This is all pretty obvious when you think about it. In almost any area of human activity, or study, there are an infinite number of possible tasks that could be required, questions that could be asked, limited only by the imagination of the examiners. And obviously, in a test situation, only a few may be chosen, from which a generalisation can be made about the rest. But the more tasks chosen, and the more they are a random sample of the total possible universe of questions, the closer you can get to the "true score". Further, your choice is a biased choice. Different people will choose different samples with different biases. So again, the more people involved in the setting of the examinable tasks, the closer we get to the replicable rank order, and hence to the true score.

We can't just stop at the questions, however; different markers rate answers differently. So markers also have to be sampled.

And contexts affect the result. Physical setting often affects performance. Some will perform better at home, some at school, some in an unknown environment. Some produce better work when isolated, as in a "normal" test situation. Others require stimulation in a group, which approximate more "normal" work situations.
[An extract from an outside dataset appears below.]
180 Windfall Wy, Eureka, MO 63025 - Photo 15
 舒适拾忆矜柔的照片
The interactional media is sometimes crucial. Some express themselves better with the written word; others are much more comfortable with visual, aural-oral or more physical communication. Meanings can be communicated through many sensory modes. So if we are concerned to assess understanding of some area we would logically need to check across all of these modes.
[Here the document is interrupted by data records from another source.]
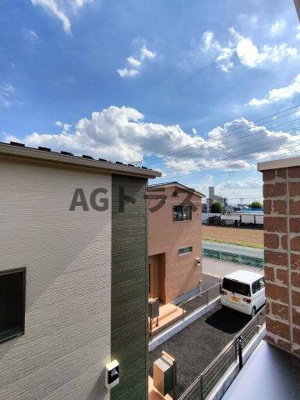 【展望】 | ハルモニア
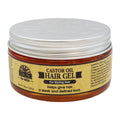 OKAY-Men-Castor-Oil-Hair-Styling-Gel-725-Oz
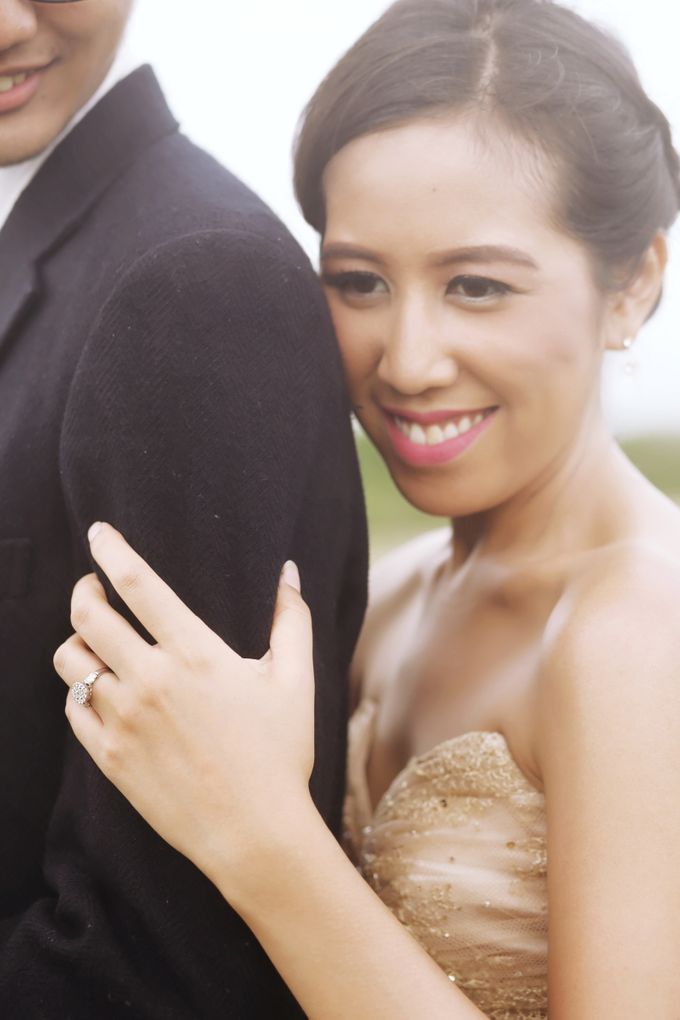 Steffi & Andi by Diera Bachir Photography - 016 Steffi & Andi by Diera Bachir Photography - 016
And the time is important. They might do it well before lunch, badly after; successfully today, unsuccessfully in a month's time.

So assessments are required (marks or grades or rank orders), in all these different ways if we are to get a true estimate of a person's attainment or ability.

Whoops

Whadaya mean, whoops?

I saw that

Saw what?

Saw you pull that card out of your sleeve.

What card?

That one with the word "ability" on it.

I didn't pull it out of anywhere. I materialised it. I created it.

You made it up.

I created a useful concept. We all do it all the time.

Useful to who?

Useful to me.

Why is it useful to you to make up a concept called ability.

Because I've created a mess. A conglomerate of numbers based on myriads of interactional and contextual incidents. And I know how to turn it into one fairly stable number. But then I've got to write it on a label and pin it on someone.

Why?

Why?

Yes, why?

Well, if I can't pin it on someone then I would have done all that work for nothing, because it's obvious that although all these scores and grades were supposed to be measuring the same thing, they were actually measuring different things.

And you've got to have them measuring the same thing?

Obviously, otherwise I can't add up all the marks to get one stable mark, can I?

I suppose not.

So I made up a name.

Ability?

Ability.

And no doubt you specified the ability as being identical to the task area you were assessing?

Of course.

So ability is what the total (average) number is measuring?

Absolutely.

Relatively, you mean.

Yes, it would be fairer to say relatively.

And if you know their ability you know what particular things they can do?

No, I wouldn't say that.

Perhaps you know what particular things they can do better than someone else?

No, not that either.

What do you know then?

Well, if you were to take all the possible things that a person might be required to do in a particular area of activity that is more or less described by the ability, then you could say that, on average, and very consistently, a person with a high score on that ability would do better than a person with a low score.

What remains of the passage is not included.